"Il quadro che emerge dalla retrospettiva degli ultimi anni è molto buio - ha spiegato Giovanni Lambertini, presidente della sezione Pomodoro da industria di Confagricoltura Emilia Romagna al tavolo agricolo tenutosi, lo scorso 10 gennaio, a Parma e dedicato all'avvio della trattativa per la campagna del pomodoro da industria - Le aziende agricole, quando è andata bene, hanno a mala pena coperto i costi produttivi, anche la scorsa campagna si è chiusa in perdita e gradualmente si va verso un nuovo orientamento delle produzioni, destinando minori superfici a pomodoro".
A confermare tale tendenza ci sono anche i dati produttivi, che tracciano una progressiva disaffezione alla coltura, con un calo, nel 2018, del 6% degli ettari dedicati. "Avanti così e la filiera non reggerà", ha rimarcato Lambertini.
A essere sotto scacco è uno dei più importanti comparti dell'agroalimentare italiano: a livello nazionale, sono stati 61mila gli ettari destinati alla coltura, 4,6 milioni le tonnellate di pomodoro trasformato. In tutta Europa, il 50% del pomodoro si lavora in Italia; e il 14% della produzione mondiale di pomodoro si fa in Italia. L'Emilia-Romagna, anche nel 2018, è stata la regione con la quota più consistente di superfici coltivate a pomodoro da industria, pari a 24.140 ettari (Piacenza con 9.962 ettari è capofila).

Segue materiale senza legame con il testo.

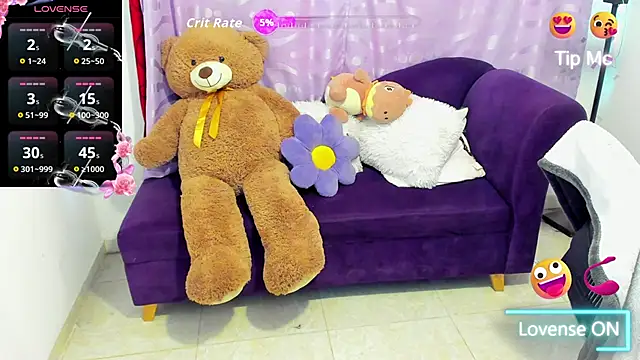 Snapshot of cynthia_watson chatting on 09/29/25, 02:00 cynthia watson online show from 09/29/25, 02:00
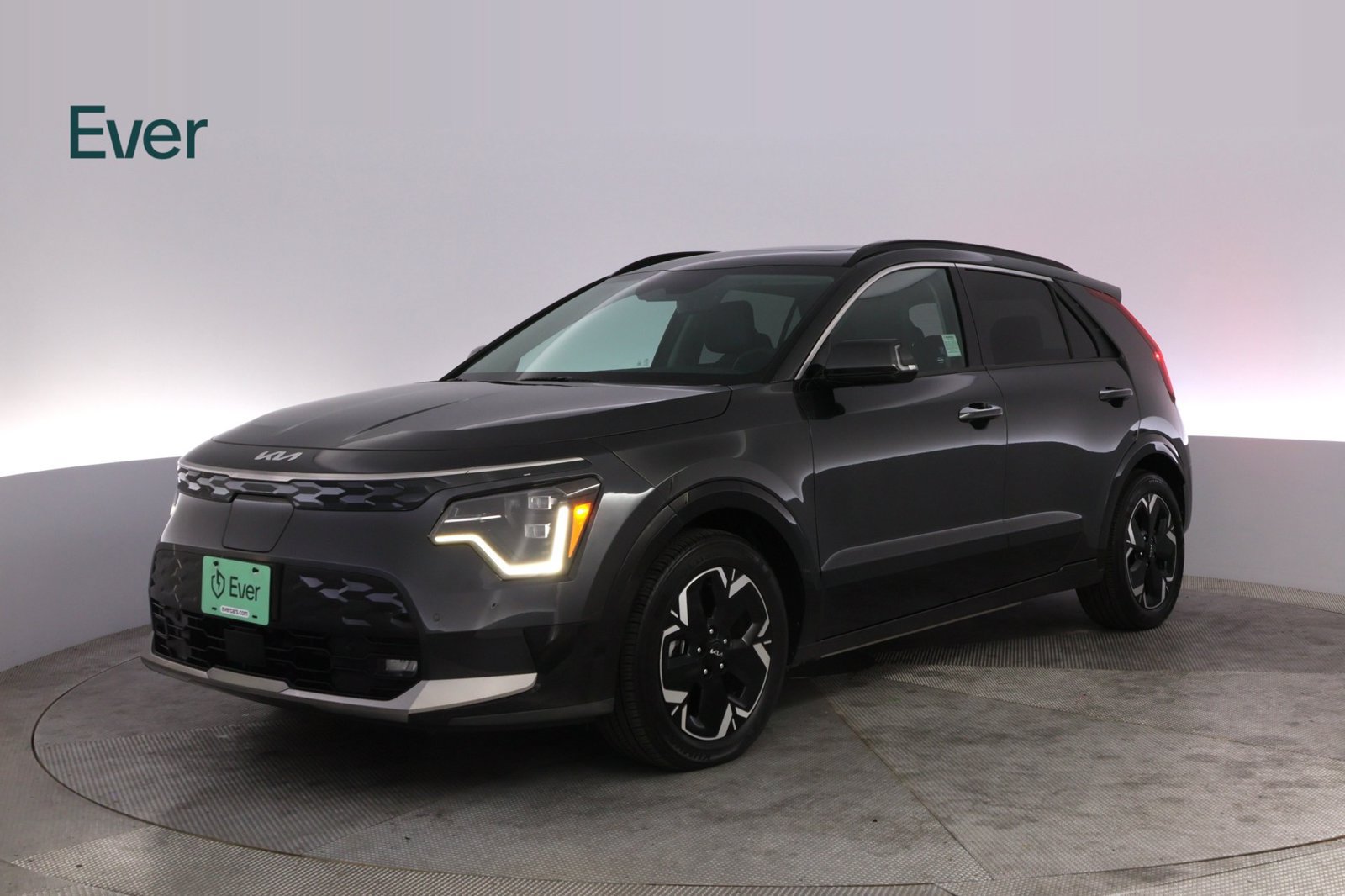Used 2023 Kia Niro Wave w/ Wave Preserve Package FWD image 2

"Se la trattativa non porterà a un riposizionamento significativo del prezzo alla produzione - continua Lambertini - proseguirà il calo delle superfici dedicate e non si riusciranno a garantire i quantitativi necessari al pieno funzionamento degli stabilimenti di trasformazione. E' indispensabile rivedere i criteri di contrattazione lungo la filiera, ma soprattutto nei confronti dell'industria".
Se si pensa che un piatto abbonante di pasta al pomodoro (considerando un costo medio della pasta di € 1,20/kg e della passata di pomodoro di € 2,00/kg) al consumatore costa 28 centesimi, anche un incremento del 30% del costo della passata non inciderebbe sulla possibilità di garantire un pasto a costi contenuti (rimanendo comunque sotto i 33 centesimi). Per contro, questi cinque centesimi in più rappresenterebbero la sopravvivenza di settore.
"Prima di tutto va riconosciuta alla produzione la giusta marginalità; inoltre, deve cessare l'uso discriminatorio che si è troppo spesso fatto delle tabelle qualitative, divenute uno strumento per cercare di riposizionare i prezzi in funzione dell'andamento stagionale. Dato che tutta la filiera concorda sull'importanza dell'aspetto qualitativo, torniamo a chiedere che vengano adottati parametri condivisi chiari, oggettivi ed eventualmente garantiti da enti terzi", conclude il presidente della sezione Pomodoro da industria di Confagricoltura Emilia Romagna.